While the digital CBT sample showed less change in early lessons, the digital users caught up to the outpatient sample by lesson/session five. They were equivalent by the seventh intervention, with an effect size of 0.96 for digital users compared to .94 for the therapy sample. As presented in the chart above, the Value Index for digital therapeutics is six times higher than for psychotherapy. Given the early stage of such analyses, there are no benchmarks against which these values can be compared. However, the metric is a simple way to call attention to the question of how much clinical improvement is connected to the services being purchased.

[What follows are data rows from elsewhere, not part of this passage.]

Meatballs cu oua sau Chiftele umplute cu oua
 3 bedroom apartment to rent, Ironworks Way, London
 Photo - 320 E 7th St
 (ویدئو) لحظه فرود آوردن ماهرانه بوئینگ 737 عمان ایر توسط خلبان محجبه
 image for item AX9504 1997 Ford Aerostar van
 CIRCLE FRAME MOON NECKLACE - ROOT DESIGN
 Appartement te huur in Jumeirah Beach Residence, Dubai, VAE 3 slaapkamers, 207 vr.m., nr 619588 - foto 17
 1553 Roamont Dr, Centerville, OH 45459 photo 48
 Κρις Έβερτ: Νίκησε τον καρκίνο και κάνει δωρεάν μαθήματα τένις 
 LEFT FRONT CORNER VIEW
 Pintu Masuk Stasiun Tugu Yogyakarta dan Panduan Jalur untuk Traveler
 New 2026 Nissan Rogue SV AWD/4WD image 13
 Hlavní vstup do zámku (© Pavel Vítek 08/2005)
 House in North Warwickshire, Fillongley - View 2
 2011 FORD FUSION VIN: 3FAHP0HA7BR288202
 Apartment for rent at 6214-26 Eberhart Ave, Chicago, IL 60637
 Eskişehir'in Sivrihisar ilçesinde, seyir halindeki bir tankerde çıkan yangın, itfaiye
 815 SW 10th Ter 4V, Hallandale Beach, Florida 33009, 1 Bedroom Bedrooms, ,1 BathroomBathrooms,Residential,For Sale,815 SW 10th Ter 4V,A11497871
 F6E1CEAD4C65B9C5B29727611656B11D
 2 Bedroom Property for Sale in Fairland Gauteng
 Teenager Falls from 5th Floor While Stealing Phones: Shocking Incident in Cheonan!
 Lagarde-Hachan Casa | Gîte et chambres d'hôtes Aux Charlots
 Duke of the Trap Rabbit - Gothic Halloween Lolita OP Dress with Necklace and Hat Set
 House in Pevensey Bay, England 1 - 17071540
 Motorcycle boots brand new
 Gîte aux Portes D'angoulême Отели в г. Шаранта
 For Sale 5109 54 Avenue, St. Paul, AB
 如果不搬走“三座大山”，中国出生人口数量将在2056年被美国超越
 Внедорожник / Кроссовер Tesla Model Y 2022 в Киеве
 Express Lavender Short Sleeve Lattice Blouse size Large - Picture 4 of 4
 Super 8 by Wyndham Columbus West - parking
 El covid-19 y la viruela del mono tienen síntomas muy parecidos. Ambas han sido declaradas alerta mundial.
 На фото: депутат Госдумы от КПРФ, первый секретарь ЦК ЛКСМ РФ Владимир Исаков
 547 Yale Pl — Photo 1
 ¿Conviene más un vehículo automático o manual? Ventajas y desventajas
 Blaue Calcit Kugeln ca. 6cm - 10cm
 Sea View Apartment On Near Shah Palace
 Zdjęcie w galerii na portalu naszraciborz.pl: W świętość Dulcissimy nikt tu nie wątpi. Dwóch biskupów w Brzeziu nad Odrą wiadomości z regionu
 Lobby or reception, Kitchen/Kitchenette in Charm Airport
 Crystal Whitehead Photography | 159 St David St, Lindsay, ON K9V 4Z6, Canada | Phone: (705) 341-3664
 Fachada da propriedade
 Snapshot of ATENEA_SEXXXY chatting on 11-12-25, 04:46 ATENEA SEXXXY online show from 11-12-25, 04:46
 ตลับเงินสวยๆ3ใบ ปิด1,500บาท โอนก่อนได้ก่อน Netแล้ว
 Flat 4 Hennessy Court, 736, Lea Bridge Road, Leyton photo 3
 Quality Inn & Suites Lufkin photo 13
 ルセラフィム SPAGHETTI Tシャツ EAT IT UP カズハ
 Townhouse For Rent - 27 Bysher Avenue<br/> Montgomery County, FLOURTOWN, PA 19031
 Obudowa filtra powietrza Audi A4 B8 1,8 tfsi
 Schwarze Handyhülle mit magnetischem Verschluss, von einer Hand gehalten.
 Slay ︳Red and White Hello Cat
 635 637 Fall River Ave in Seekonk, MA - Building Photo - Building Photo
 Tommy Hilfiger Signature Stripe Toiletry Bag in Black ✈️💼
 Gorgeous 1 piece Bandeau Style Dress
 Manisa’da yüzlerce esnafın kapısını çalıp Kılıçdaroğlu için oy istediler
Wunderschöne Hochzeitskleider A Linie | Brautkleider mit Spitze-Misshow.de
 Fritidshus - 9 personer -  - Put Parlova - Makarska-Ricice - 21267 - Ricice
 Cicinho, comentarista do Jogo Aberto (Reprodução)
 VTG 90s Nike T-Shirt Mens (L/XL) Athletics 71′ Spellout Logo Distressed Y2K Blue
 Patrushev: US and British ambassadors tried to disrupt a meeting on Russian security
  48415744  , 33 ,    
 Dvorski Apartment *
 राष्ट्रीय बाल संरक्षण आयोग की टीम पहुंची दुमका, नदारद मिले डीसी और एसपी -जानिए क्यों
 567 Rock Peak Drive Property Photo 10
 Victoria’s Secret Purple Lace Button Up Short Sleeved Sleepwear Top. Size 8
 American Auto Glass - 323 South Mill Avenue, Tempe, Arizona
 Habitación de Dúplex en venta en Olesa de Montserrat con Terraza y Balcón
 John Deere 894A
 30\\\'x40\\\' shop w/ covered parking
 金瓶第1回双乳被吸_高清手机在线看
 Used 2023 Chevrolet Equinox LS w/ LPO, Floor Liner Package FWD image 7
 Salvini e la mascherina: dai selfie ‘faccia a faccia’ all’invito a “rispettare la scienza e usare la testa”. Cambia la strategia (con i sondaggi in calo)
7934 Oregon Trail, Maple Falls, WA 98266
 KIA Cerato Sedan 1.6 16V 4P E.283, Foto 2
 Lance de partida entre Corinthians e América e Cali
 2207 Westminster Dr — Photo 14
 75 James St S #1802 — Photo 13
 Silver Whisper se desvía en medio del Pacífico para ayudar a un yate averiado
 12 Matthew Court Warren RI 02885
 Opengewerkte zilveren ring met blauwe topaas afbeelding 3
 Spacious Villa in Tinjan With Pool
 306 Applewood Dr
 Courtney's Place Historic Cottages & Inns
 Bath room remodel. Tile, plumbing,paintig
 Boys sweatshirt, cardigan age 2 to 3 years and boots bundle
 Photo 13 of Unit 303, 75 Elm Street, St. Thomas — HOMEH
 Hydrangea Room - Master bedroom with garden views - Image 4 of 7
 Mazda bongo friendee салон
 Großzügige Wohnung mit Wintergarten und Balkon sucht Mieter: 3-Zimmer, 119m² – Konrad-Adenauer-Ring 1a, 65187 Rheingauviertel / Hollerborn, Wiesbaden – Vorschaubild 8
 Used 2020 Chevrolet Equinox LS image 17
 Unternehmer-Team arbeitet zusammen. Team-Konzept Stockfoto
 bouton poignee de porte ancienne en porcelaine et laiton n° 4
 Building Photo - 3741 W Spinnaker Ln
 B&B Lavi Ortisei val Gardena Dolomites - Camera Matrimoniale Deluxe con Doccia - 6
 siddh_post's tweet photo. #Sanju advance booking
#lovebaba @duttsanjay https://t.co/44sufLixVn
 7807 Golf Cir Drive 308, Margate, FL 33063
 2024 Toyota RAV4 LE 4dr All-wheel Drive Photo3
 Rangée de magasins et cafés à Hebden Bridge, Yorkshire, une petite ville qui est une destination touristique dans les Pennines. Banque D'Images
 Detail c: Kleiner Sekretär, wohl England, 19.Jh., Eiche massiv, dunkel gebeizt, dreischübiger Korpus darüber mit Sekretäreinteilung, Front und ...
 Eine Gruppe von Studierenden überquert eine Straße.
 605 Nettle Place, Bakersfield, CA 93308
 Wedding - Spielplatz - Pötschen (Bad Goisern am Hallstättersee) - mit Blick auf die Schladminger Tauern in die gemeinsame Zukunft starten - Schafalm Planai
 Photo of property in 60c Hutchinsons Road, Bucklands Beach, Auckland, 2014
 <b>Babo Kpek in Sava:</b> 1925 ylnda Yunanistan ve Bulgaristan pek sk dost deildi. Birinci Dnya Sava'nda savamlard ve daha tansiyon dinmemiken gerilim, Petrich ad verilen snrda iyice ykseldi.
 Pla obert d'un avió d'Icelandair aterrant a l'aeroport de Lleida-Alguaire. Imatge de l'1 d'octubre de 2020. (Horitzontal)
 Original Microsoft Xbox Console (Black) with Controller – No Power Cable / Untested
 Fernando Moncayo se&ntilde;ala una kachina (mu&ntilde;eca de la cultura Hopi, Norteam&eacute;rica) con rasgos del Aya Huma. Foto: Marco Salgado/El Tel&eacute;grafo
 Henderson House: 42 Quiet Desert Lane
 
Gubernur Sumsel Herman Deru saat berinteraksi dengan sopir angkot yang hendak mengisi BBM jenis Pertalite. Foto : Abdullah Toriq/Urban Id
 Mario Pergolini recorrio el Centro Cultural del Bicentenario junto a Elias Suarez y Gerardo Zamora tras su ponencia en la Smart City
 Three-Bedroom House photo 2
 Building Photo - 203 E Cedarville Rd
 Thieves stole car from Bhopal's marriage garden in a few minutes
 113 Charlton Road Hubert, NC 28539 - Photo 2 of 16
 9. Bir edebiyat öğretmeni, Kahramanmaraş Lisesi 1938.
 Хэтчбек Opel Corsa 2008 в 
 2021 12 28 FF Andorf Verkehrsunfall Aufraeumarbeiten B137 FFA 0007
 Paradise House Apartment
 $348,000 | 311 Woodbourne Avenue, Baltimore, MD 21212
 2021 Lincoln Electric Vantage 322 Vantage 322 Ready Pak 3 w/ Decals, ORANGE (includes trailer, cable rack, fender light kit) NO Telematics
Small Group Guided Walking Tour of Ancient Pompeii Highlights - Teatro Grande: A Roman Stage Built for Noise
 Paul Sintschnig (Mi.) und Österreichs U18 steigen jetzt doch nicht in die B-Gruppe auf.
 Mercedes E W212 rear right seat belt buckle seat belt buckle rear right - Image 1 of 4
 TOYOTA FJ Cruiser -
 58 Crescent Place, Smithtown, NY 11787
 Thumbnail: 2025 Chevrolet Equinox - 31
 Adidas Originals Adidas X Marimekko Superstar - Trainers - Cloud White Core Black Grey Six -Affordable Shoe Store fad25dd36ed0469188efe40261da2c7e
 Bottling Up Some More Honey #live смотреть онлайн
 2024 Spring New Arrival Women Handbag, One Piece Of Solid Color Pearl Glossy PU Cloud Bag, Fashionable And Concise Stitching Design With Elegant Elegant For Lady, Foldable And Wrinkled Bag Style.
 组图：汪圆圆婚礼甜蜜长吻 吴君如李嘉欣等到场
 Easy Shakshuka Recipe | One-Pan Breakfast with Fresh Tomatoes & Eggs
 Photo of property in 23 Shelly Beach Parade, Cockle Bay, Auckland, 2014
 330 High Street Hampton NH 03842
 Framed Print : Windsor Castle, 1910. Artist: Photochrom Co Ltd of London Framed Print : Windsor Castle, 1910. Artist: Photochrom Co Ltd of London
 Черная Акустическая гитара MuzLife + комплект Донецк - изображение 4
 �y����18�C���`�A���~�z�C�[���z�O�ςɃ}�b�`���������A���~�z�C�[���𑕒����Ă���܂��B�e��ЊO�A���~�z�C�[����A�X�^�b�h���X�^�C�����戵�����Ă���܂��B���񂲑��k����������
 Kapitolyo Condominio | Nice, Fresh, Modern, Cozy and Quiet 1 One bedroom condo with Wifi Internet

Discussion and Implications
This comparison between psychotherapy and digital therapeutics highlights a new metric, the Value Index. It does not presume these are equivalent services needing to be differentiated in this way. Apart from differences in content and delivery method, the consumers choosing one or the other are likely to differ in motivations, needs, and goals for treatment. Some consumers may benefit from both; others may benefit from one more than the other. In evaluating services, purchasers should review the percentage of a population choosing any service and why they prefer one. This comparison is intended to give the purchaser another way to compare services.
One implication for purchasers is that offering both options might provide the best results at the greatest value. For example, easy access to digital services may well meet many employees' needs, yet some will need access to more intensive in-person treatment. In addition, integrating the two processes might provide even more significant benefits by reducing the number of psychotherapy sessions needed to achieve effect sizes of .8 or larger reliably. The value metric might be integrated into the care management process as well. For example, cases showing low value could be targeted for intervention. Someone with an effect size of only 0.2 after five digital lessons might be flagged for in-person services. An effect size of 0.2 after 12 psychotherapy sessions might trigger a recommendation for adding services such as digital therapeutics.
There is a need for more research, but the best evidence to date suggests that digital therapeutics are a cost-effective option for employers and health plans to consider. Their relative value can be quantified based on outcomes and cost. Furthermore, value is an excellent way to evaluate all health services, and we should endeavor to achieve the most significant health outcomes for the dollars expended.